Records drawn from a dataset:
▬▬▬▬▬▬▬▬▬▬
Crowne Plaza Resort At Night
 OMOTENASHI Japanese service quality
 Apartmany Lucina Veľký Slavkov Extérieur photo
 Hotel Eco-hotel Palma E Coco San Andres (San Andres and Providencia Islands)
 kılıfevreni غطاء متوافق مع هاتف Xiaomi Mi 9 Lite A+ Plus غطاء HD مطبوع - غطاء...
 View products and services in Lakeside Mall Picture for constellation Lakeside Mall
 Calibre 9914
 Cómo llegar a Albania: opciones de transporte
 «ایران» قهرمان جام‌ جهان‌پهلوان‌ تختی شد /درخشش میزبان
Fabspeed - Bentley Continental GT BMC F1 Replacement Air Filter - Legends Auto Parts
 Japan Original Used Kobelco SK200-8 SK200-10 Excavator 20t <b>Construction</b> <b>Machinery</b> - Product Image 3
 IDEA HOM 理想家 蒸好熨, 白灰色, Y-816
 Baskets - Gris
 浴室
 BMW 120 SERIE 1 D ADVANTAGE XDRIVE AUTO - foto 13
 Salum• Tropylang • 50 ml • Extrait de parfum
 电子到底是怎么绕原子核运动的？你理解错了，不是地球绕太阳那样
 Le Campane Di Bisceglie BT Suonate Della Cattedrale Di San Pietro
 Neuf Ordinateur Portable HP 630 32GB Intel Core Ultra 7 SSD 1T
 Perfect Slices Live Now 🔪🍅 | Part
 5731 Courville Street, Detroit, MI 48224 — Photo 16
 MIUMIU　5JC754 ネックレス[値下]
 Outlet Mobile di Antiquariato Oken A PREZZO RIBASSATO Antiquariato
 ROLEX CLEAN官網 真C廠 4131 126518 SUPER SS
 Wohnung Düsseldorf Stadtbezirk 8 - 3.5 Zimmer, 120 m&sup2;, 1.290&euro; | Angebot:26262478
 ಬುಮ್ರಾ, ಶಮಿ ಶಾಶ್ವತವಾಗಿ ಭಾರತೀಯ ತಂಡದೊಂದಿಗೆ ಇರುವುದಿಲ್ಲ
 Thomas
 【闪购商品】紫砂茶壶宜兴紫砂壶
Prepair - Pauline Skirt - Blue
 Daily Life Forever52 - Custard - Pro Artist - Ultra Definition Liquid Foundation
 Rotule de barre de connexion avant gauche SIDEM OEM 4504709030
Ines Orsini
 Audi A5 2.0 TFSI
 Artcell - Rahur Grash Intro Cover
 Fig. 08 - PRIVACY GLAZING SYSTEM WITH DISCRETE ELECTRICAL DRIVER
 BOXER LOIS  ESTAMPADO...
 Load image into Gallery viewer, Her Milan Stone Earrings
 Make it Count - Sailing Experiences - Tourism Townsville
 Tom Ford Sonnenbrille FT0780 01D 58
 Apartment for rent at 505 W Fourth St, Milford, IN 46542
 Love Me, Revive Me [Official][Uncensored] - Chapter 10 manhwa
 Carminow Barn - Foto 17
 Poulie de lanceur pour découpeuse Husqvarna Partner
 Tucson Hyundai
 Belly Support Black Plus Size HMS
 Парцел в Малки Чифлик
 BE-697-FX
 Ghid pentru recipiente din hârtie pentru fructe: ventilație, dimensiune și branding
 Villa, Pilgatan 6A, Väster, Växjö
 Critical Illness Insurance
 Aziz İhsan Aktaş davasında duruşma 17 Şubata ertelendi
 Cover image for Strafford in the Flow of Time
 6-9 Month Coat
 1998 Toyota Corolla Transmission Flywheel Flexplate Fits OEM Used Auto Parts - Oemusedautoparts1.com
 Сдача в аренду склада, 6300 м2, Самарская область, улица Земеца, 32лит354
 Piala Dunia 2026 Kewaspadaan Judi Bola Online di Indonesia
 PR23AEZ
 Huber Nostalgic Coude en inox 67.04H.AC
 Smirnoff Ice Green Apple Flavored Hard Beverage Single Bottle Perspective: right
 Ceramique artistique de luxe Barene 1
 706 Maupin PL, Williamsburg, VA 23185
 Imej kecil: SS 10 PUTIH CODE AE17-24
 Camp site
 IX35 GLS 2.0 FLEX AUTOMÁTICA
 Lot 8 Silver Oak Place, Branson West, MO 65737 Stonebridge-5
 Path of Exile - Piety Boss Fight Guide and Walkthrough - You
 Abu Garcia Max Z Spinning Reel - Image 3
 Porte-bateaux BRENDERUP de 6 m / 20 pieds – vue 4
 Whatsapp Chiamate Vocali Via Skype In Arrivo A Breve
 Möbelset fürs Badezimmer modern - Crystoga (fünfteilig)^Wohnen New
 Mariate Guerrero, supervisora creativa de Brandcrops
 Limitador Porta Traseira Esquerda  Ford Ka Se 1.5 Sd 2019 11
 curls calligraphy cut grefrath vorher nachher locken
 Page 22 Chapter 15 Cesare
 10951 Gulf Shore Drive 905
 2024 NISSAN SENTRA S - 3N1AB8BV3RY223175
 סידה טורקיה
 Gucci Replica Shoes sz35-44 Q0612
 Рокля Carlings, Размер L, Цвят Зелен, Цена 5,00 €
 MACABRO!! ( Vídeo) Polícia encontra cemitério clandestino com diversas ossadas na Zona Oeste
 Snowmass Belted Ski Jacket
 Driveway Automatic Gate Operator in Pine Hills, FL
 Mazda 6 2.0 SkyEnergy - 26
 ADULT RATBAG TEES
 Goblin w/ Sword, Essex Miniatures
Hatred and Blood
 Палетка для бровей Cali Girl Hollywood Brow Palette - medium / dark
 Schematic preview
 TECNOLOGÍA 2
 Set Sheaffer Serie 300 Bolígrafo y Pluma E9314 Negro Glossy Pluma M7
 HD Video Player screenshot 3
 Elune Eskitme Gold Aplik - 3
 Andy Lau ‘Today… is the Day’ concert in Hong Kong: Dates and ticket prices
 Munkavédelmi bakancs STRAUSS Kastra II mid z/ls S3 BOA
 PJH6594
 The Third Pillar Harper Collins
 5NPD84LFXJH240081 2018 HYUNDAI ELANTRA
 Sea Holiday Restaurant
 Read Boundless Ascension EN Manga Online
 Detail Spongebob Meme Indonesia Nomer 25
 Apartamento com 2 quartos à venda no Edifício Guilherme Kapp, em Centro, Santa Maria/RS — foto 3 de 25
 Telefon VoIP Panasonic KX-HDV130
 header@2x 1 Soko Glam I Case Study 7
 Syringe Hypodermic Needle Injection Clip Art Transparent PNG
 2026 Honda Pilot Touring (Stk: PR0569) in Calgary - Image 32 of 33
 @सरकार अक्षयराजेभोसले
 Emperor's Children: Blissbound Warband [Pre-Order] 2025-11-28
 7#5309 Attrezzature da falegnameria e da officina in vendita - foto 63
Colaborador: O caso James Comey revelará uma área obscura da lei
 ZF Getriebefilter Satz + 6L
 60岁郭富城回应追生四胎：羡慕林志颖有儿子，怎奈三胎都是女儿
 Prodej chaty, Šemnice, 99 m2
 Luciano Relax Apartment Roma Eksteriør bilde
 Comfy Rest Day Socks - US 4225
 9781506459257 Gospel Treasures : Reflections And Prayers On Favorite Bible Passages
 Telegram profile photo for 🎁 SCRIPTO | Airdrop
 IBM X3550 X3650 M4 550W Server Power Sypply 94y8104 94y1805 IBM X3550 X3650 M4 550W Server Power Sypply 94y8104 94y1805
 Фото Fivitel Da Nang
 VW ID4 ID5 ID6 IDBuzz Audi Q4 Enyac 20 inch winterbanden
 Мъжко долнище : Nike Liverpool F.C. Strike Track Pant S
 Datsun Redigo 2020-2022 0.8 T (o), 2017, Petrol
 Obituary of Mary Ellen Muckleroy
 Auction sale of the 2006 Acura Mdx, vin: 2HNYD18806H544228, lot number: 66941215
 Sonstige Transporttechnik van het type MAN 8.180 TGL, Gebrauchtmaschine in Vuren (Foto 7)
▬▬▬▬▬▬▬▬▬▬
» **WHAT IS BEING ASKED**:
Return each line from the records that includes the word "Ultra".

» **RESULT OF THE TASK**:
 Neuf Ordinateur Portable HP 630 32GB Intel Core Ultra 7 SSD 1T
 Daily Life Forever52 - Custard - Pro Artist - Ultra Definition Liquid Foundation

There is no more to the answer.